# TRY IT:
Down to the last line of the listing, starting at the one with "English Red Heart", retype each line exactly. Do not copy the pictures.

# COLLECTED DATA:

- Opening Delimiter -

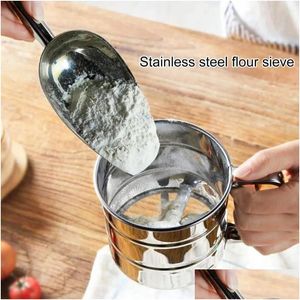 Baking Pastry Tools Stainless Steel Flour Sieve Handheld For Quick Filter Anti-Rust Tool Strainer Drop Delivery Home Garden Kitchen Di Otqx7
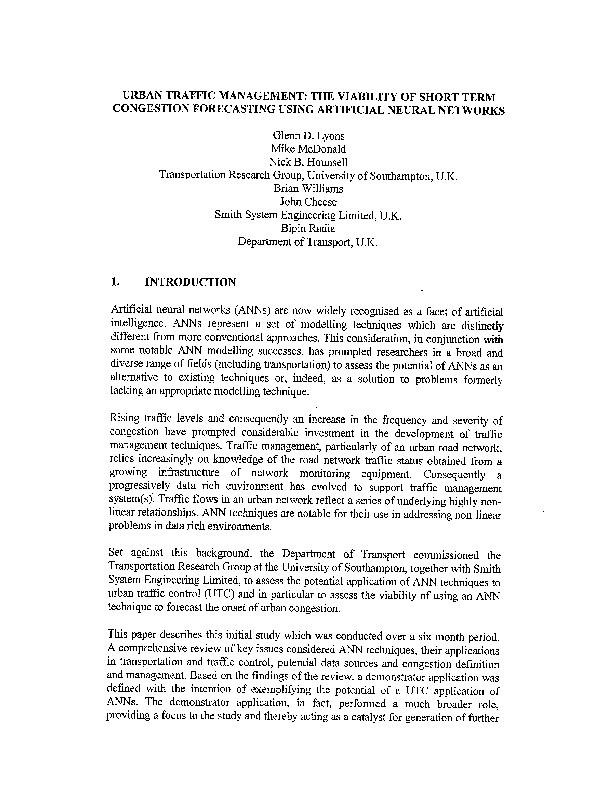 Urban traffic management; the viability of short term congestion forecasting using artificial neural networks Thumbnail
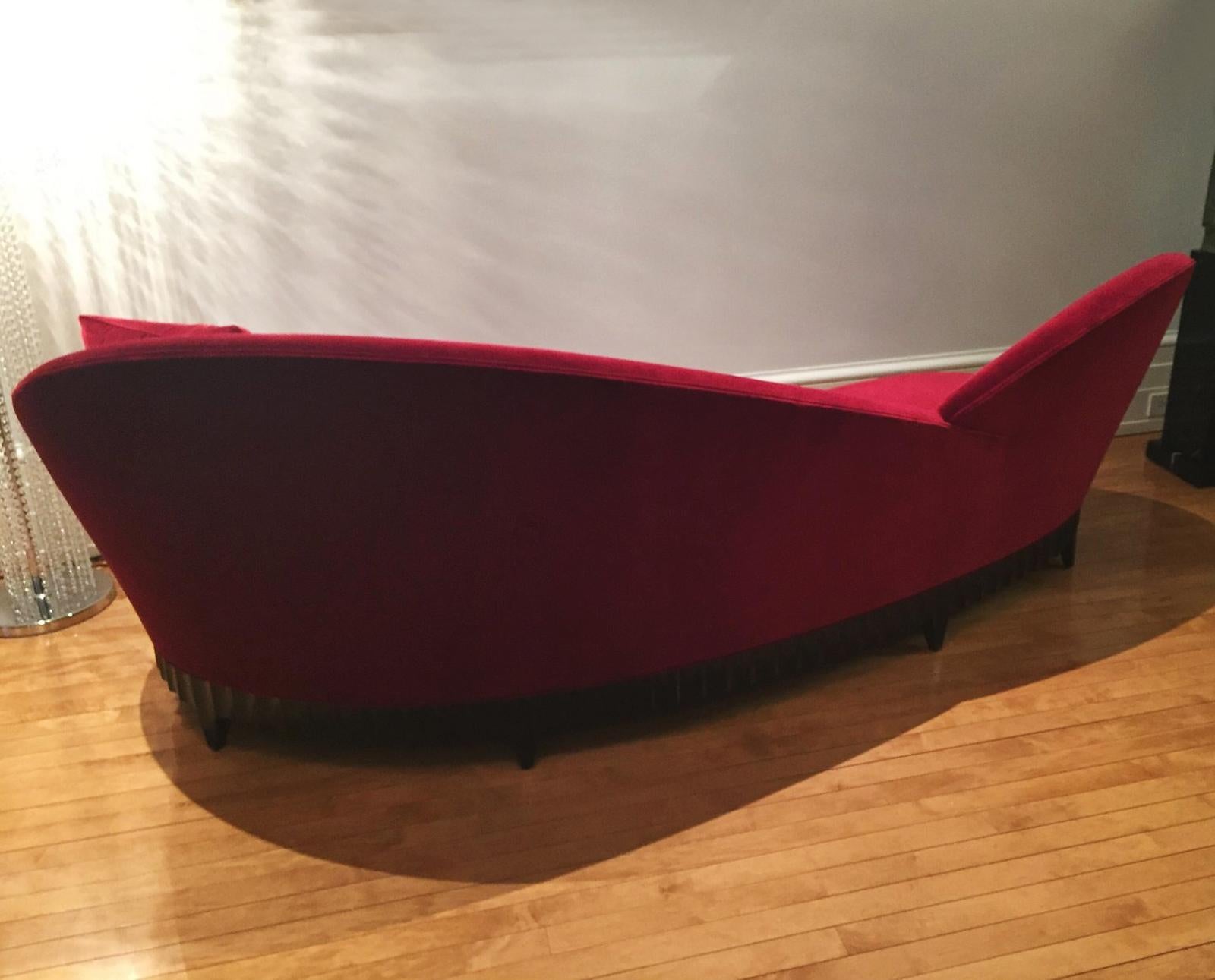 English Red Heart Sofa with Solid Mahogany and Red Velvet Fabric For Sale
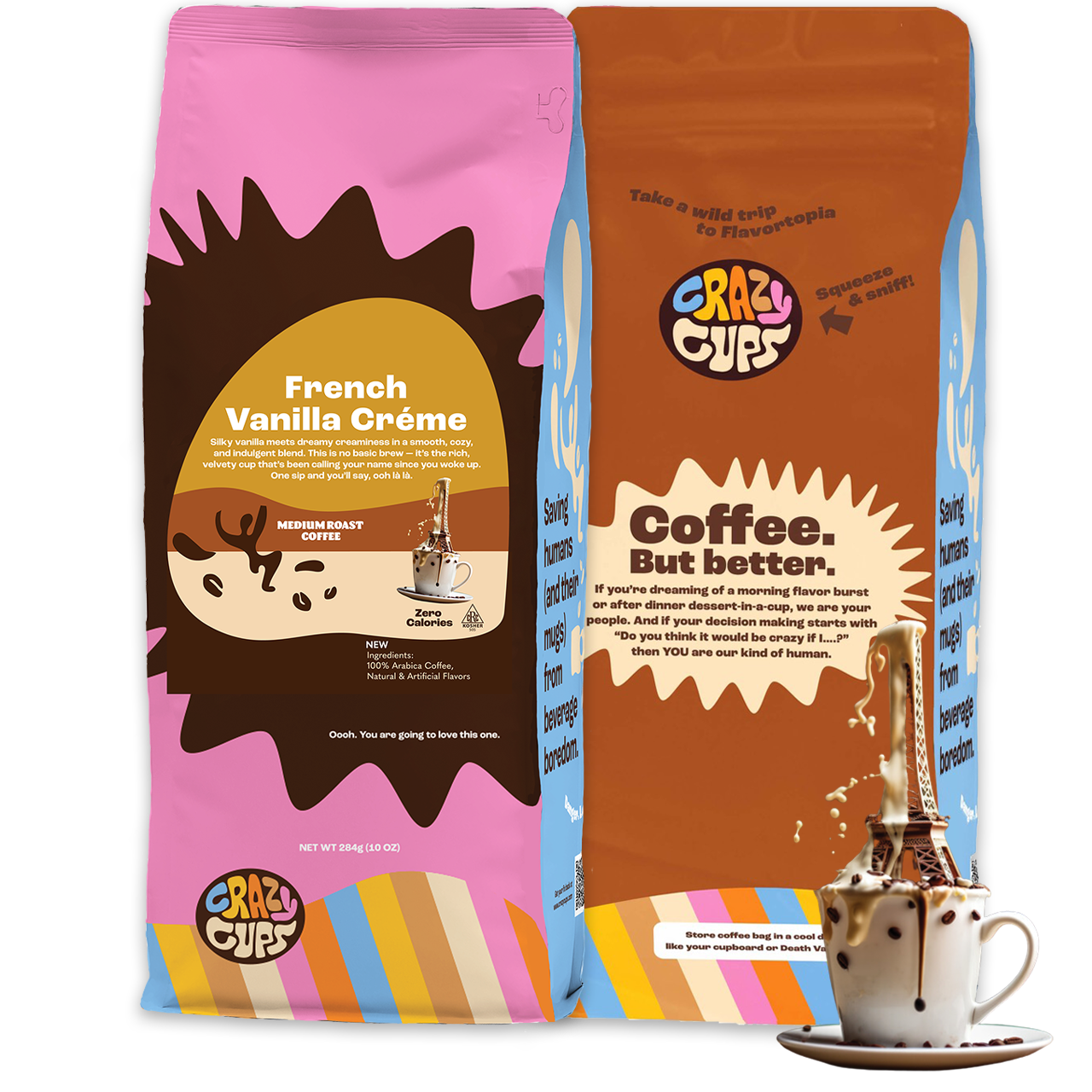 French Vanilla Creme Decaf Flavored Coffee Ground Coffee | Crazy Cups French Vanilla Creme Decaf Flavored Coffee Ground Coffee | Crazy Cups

- Closing Delimiter -

# EXERCISE RESULT:
 English Red Heart Sofa with Solid Mahogany and Red Velvet Fabric For Sale
 French Vanilla Creme Decaf Flavored Coffee Ground Coffee | Crazy Cups French Vanilla Creme Decaf Flavored Coffee Ground Coffee | Crazy Cups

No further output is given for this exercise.